The types of crimes committed by individuals with ASPD are mostly organized/planned and/or profit-driven crimes such as theft, drug use/trafficking, and fraud. Violent crimes such as intentional injury, assault, and murder are also frequently observed, and it has been reported that individuals with ASPD do not show remorse after committing these acts. It has also been reported that individuals diagnosed with ASPD commit crimes repeatedly [25,26]. In individuals diagnosed with schizophrenia and bipolar disorder, it has been reported that violent crimes are committed, mostly directed at family members, and that they develop suddenly during the acute phase of the illness [27]. In our study, consistent with the literature, it was found that individuals diagnosed with ASPD committed multiple crimes, including murder, theft, and drug use/trafficking.

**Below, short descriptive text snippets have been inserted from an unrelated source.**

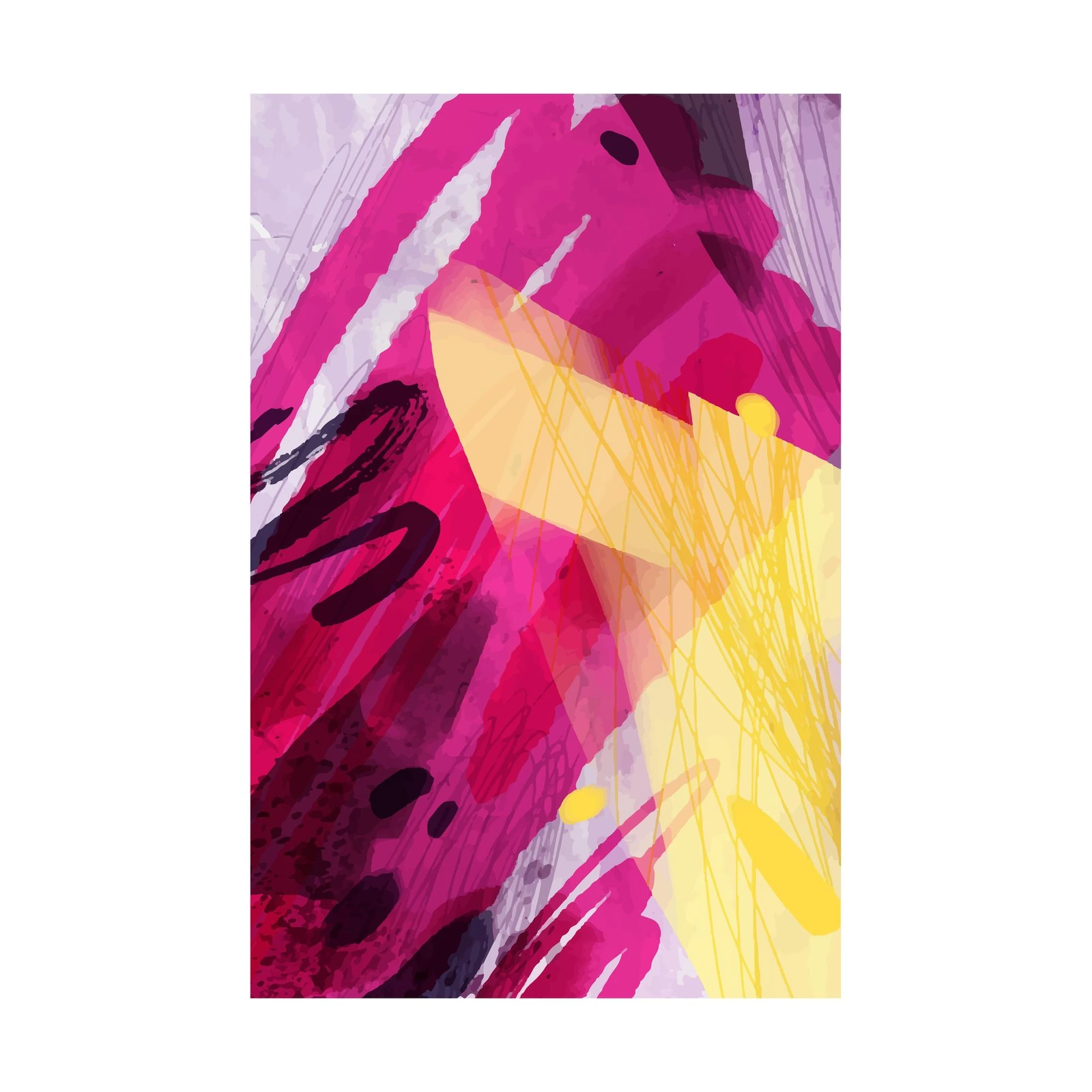 Vibrant Abstract Strokes Wall Art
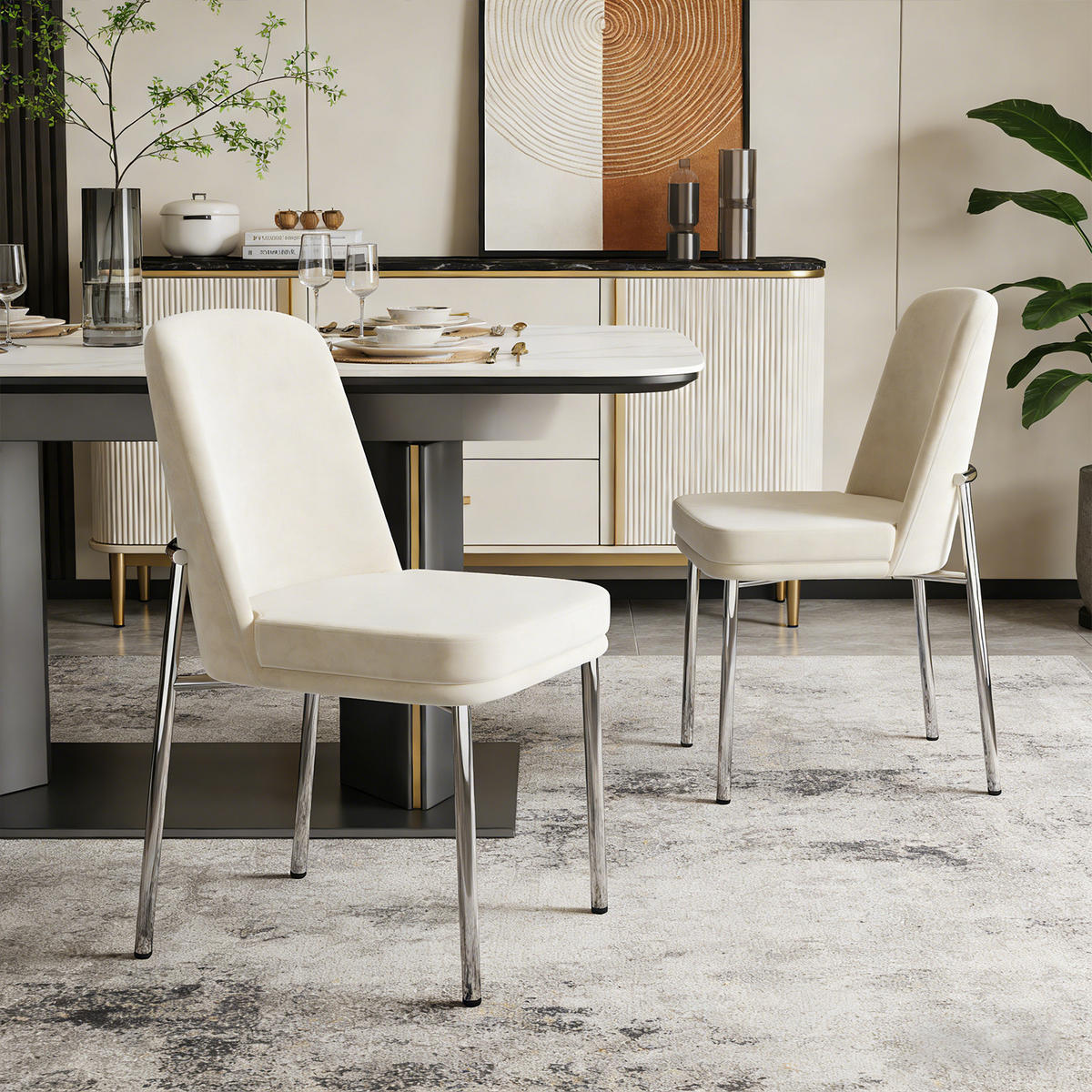 ESSZIMMERSTÜHLE 2er-Set aus Samt, Beige, dicke Polsterung und silberfarbene Metallbeine – Moderner Stil - Beige/Silberfarben, Textil/Metall (48/82/48cm) - Meubles Cosy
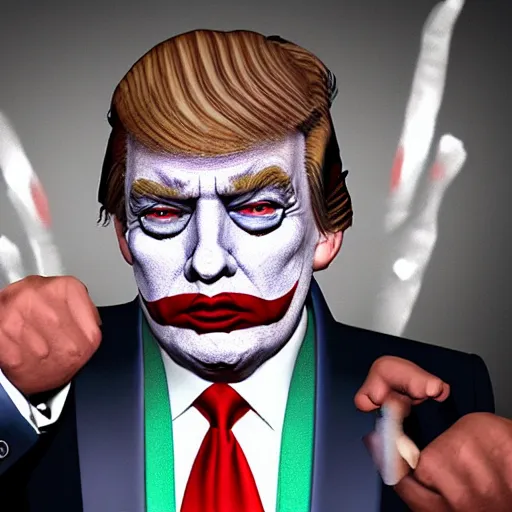 Prompt: donald trump as the joker, rendered in unreal engine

It has been reported that aggression in individuals diagnosed with ASPD can be planned/proactive or impulsive/reactive [28]. Impulsivity is often seen together with aggression. It has been reported that this condition can be explained by low serotonergic activity [29]. Individuals with ASPD also frequently have comorbid diagnoses such as impulse control disorders, ADHD, and substance abuse. Along with these comorbid diagnoses, sudden/unplanned suicide attempts, a tendency to harm oneself and others during substance withdrawal, and aggression are common in individuals diagnosed with ASPD [30]. In our study, consistent with the literature, aggression, impulsivity, and suicide risk were found to be high among individuals diagnosed with ASPD.
In recent years, there has been an increase in the number of studies investigating the biological causes of behavioral patterns commonly seen in psychiatric disorders, such as impulsivity, aggression, criminal behavior, and suicide risk [31]. In our study, RBC levels were found to be low, and RDW and MCV levels were found to be high in individuals diagnosed with ASPD. There are a limited number of studies evaluating hematological parameters in individuals diagnosed with ASPD. In a study similar to ours, RDW levels were found to be high [29]. It has been reported that these differences in values may be related to alcohol and substance use, smoking, chronic stress factors, and nutritional irregularities [32]. Additionally, low RBC levels may also be caused by chronic stress affecting erythropoiesis [33].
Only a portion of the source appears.